When I heard the fate of the library workers and feared that my unbroken attendance record might be cut into, my outlawed closeness with the supervisors severed, I ran to one of them.

“Fire me. Please.”

“And why would I do this?” he asked with one eyebrow raised.

“Then I won’t have continuous employment on paper. Just hire me back and my work assignment will start again. Officially, next week I will have worked here for only a week, not four years. On paper, I’ll be new,” I explained what happened in the library.

“Bozelko, you’re not going anywhere.”

“But they’re reassigning workers who worked in anywhere for more than two years,” I insisted.

“We know. We got this.  Don’t worry. You’re staying.”

I cried relief in my cell after work that day. Having to die to my prison job and my supervisors would have been the worst abuse I could have suffered.

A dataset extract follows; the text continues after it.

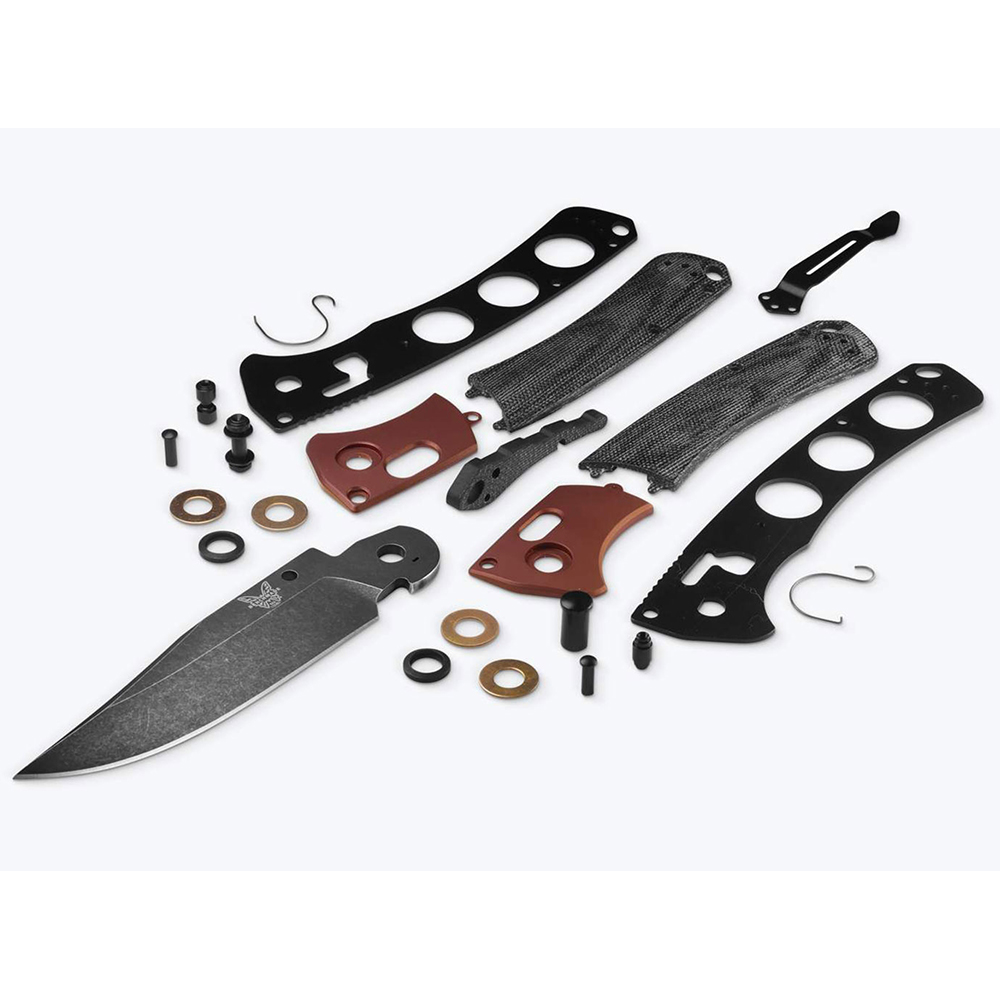 Benchmade Hunt 15080BK-04 Crooked River CPM-MagnaCut Black Micarta 5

I can’t put my finger on how or why, but the supervisors were my salvation while I’ve been here. Stacey, one of the other workers in food prep, probably said it best when she said:

“When I’m here working for them, I feel human.”

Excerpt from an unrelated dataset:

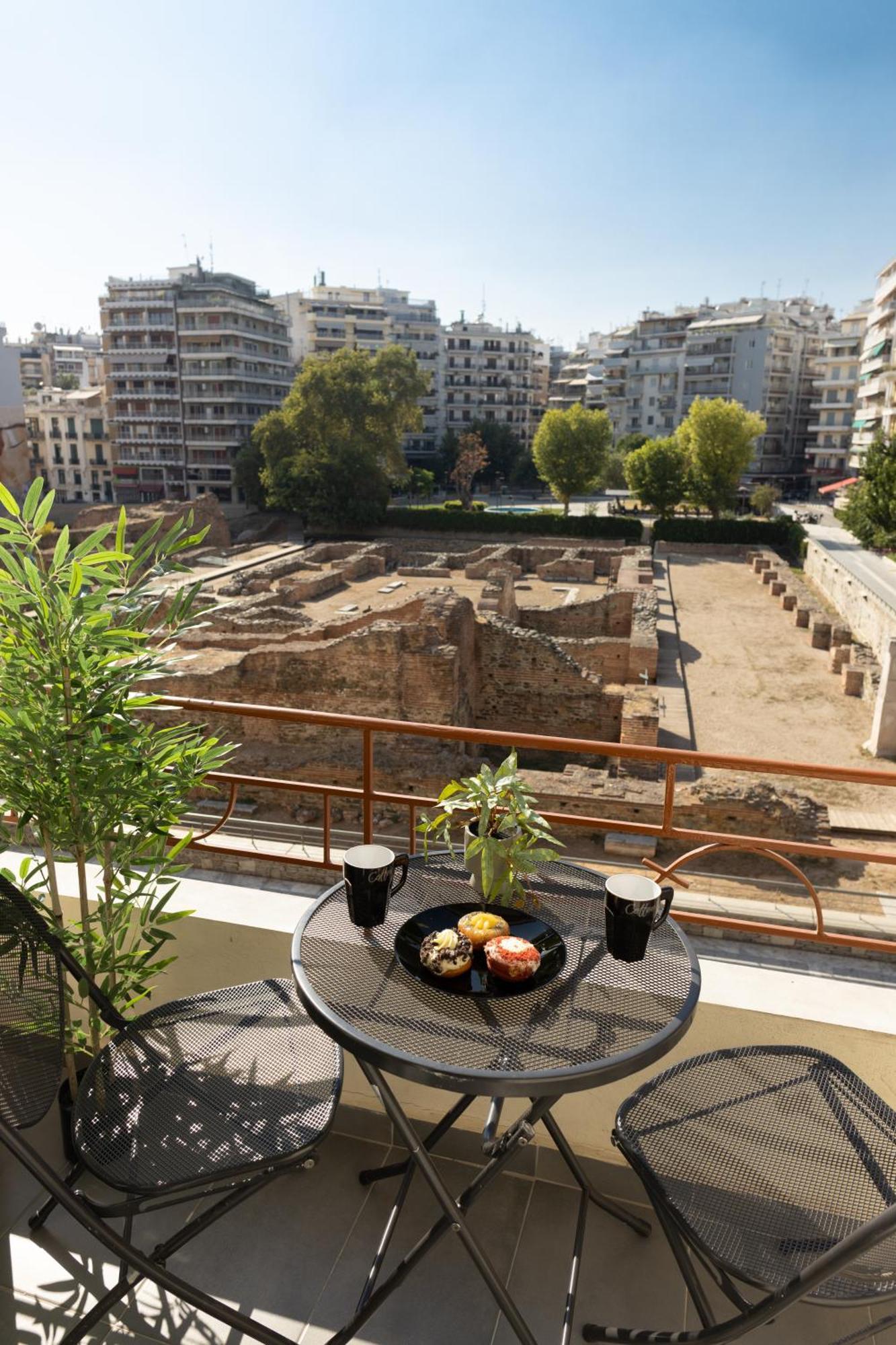 Starlights Wonderful View Apartments By Binobi! Thessalonique Extérieur photo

imageThat’s basically it but there’s more to it for me. I died a million times before I got here. I am dead to so many friends, my schools, my plans. Then when I got here I died a million times more, losing appeals and other cases, swimming in a sea of women I never wanted to know, accepting my first million deaths. The only thing that kept me alive was working for these people. Maybe it was because I had value to them. Maybe it was because they were consistent and kind mentors to me. Or maybe the daily details that divulged themselves in close contact developed a certain intimacy in spite of state-mandated reserve. Human connection may be prohibited but it can never be prevented. Stacey was probably right.

And now, as I go home I am going to have to die to them, too. And they to me. I’m sure that if I blocked my number and snuck in a call, they would talk to me, maybe even secretly chuckle at the chance to catch up with me. But it would be awkward.  I just have to accept that we will be people we used to know.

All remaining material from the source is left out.